Before: A. GOODWIN, D.W. NELSON, and HALL, Circuit Judges.

GOODWIN, Circuit Judge:

Exxon Corp. and Exxon Shipping Co. ("Exxon") appeal the dismissal of their complaint against five federal administrative agencies and their employees seeking to compel discovery. Exxon made the discovery requests as part of its defense in an underlying damage action arising out of the Exxon Valdez oil spill.

The government instructed eight federal employees not to submit to depositions and restricted the testimony of two others. Exxon contends that the government's action violated the Federal Housekeeping Statute, 5 U.S.C. Sec. 301, and the Administrative Procedure Act (APA), 5 U.S.C. Sec. 706(2)(A). The district court found that Sec. 301 authorized the agencies' actions, and that the actions were not arbitrary or capricious under Sec. 706(2)(A). We reverse and remand.

I.

In 1989, commercial fishermen, landowners, local governments, businesses, and others sued Exxon seeking compensatory and punitive damages for injuries they allegedly suffered as a result of the Exxon Valdez oil spill. SeaHawk Seafoods, Inc. v. Exxon Corp., No. A89-0095-CV (D. Alaska); Exxon Valdez Litigation, 3AN-89-2533CI (Alaska Sup.Ct.).
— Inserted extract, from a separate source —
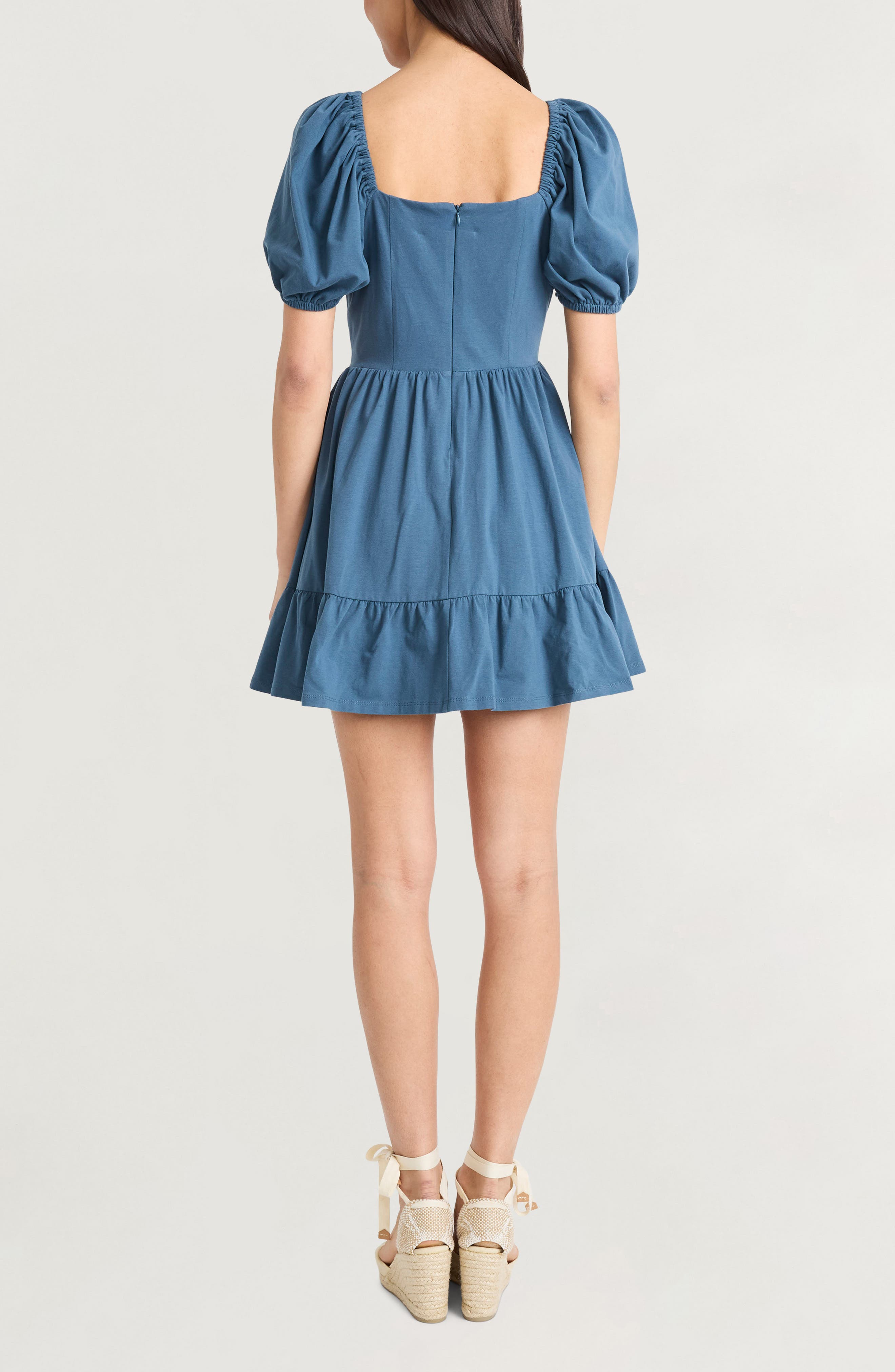 Solid Puff Sleeve Knit Dress - image 2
Between June and November 1992, Exxon issued a notice of deposition and subpoena to ten federal employees who work for five federal agencies. 1 Exxon claimed that the employees through their work with the federal government, had obtained information central to the underlying litigation. Such information purportedly included the extent of damage to Alaska's natural resources, including bird and animal populations, as a result of the spill. 2 However, the government did not comply with Exxon's discovery requests, nor did it file a motion to quash the subpoenas. Instead, the agencies simply instructed eight of the ten employees not to submit to a deposition. Two other employees appeared at the scheduled depositions and gave testimony on certain topics, but were instructed not to answer questions on other matters.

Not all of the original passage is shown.